Gradually various incidents, the secession of Newman, Renn Hampden's appointment as Regius Professor of Theology, the condemnation and suspension of Edward Bouverie Pusey, the condemnation and deprivation of William George Ward, and the decision in the Gorham case, seriously shook his confidence in the Church of England. In consequence Edward Hawkins, Provost of Oriel, declined to admit him as a college tutor, and he therefore accepted a curacy at Alphington, a parish recently separated from that of Ottery St Mary, the home of his family, where his father had built for him a house and school. His doubts as to his religious position continued, however, to grow and early in 1852 he determined that he could no longer remain in the Anglican Communion.

==Conversion to Catholicism==
On Quinquagesima Sunday (22 February) he bade farewell to Alphington, and in April, after a retreat at Clapham under the Redemptorist Fathers, he was received into the Catholic Church. Determined to be a priest he proceeded in the following September to Rome and entered the Accademia dei Nobili, where he had for companions several of his Oxford friends, and others, including the future Cardinals Manning and Vaughan. He was ordained in 1856 and six months later took the degree of S.T.D. In the summer of 1857 he returned to England, and on 7 September entered the Jesuit Novitiate, which was then at Beaumont Lodge, Old Windsor, his novice master being Thomas Tracy Clarke, for whom to the end of his life he entertained the highest admiration and esteem.

==The Month==
In 1859 he was sent to the Theological College of St. Beuno's, North Wales, as a professor of Scripture, and remained there until, in 1865, he was called to London to become the first Jesuit editor of The Month, a magazine started under Frances Margaret Taylor in the previous year and subsequently sold to the Jesuits. He continued as editor for more than fifteen years.

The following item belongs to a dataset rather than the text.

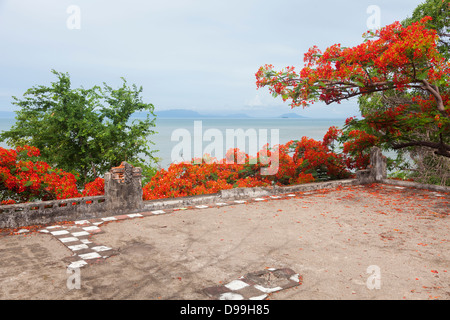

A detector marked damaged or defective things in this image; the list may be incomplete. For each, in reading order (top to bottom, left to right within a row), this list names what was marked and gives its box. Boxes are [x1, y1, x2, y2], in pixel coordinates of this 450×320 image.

cracked concrete ground [0, 184, 448, 302]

After the death of William Maher, in 1877, he added the editorship of the Messenger of the Sacred Heart, for which he was one of the most prolific writers. He projected and carried on the Quarterly Series to which he himself largely contributed, both with his work The Public Life of Our Lord and others, such as The Life and Letters of St. Francis Xavier and The Life and Letters of St. Teresa. He also wrote a Harmony of the Gospels, Vita Vitae Nostrae, a favourite book for meditation, published also in an English version. And he wrote studies based on the New Testament, an interest which seems to have been partly acquired from his old Oxford tutor, Isaac Williams.

For a time he was also superior of his religious brethren in Farm Street, London. In 1881 failing health obliged him to resign The Month to another Oxonian, Richard F. Clarke, but he continued to work on The Life of Our Lord. In 1890 a paralytic seizure compelled him to withdraw to the novitiate at Roehampton, where he finished the work before dying. The chief sources for his life are articles in The Month, June, 1893, by his friend James Patterson, Bishop of Emmaus, and the Jesuit Richard F. Clarke.